‘One in every three bites that we have in our plate is polinated by bees’.

According to a study published by the University of California at Berkeley, insect pollinators contribute towards producing 35% of all crops in the world.

This was motivation for Jocelyn McBride and Zahira Nedjraoui to establish the first non-profit BeeKeepers Association in the UAE, which aims to raise awareness of the importance of protecting these insects for future generations.

The duo hopes to integrate its findings into the school curriculum, thus bridging the large gap between children and nature.

‘My son thinks apples and strawberries are grown in the supermarket’, said Zahira.

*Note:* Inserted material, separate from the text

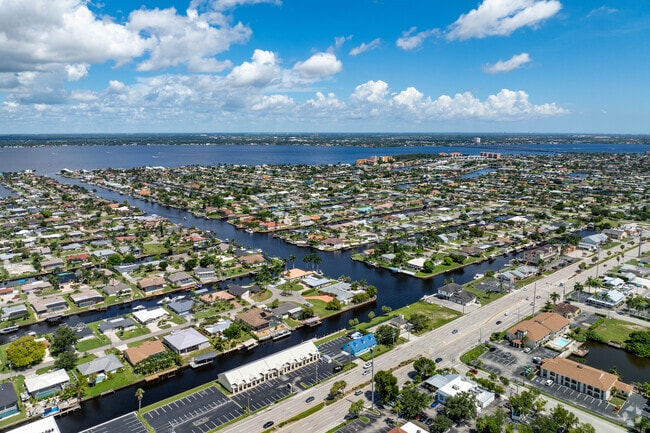 Cape Coral is located across the Caloosahatchee River from Fort Myers.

Although her son is very young, she believes this is the right time to teach him that everything he eats – from burgers to chocolates – have seen a big contribution by bees at some stage.

The world of bees is well organised, with each hive governed by its own queen.

The queen gets special treatment from other worker bees, while feeding only on royal jelly and shouldering the responsibility of laying eggs in her cell.

Jocelyn further explained that cell members unite when their queen dies and the colony chooses a larva which will take her place.

Once the young queen has mated, she will spend the rest of her life laying eggs; a queen bee can lay up to 2,000 eggs per day and one million eggs during her lifetime.

Jocelyn and Zahira hope to educate people to refrain from destroying beehives if formed in their homes.

 The women advise people to contact them in such cases, whereby allowing the duo to safely arrange the removal of these hives.

These beehives are then nurtured in Al Barari, Dubai.